> [Extracted records]
____

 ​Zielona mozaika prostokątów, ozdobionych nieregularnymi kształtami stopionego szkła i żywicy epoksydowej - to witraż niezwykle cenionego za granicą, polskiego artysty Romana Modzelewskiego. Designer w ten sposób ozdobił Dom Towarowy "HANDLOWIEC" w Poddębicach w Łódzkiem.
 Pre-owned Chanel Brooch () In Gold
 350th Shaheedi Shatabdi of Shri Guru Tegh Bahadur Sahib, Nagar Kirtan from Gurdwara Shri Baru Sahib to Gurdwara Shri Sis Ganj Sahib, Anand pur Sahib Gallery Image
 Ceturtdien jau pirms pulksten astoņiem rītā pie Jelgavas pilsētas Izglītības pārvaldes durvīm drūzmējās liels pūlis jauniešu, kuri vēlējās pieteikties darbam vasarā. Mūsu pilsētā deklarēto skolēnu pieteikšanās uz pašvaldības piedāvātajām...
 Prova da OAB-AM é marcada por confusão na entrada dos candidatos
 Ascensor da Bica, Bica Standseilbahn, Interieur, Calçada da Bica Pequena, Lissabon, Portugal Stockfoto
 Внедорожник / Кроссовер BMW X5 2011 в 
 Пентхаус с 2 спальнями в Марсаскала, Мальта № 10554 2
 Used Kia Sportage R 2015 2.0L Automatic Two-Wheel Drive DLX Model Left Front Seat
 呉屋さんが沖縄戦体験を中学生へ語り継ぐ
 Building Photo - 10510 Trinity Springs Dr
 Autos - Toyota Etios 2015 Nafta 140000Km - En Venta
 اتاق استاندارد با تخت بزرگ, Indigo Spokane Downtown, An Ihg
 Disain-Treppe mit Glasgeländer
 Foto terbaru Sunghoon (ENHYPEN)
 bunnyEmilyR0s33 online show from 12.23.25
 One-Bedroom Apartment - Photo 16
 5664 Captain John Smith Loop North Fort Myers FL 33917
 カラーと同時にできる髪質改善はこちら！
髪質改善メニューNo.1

____

> [What you need to do] Scan the records above for the word "Photo" and return every line where it occurs.

> [Task result]
 Building Photo - 10510 Trinity Springs Dr
 One-Bedroom Apartment - Photo 16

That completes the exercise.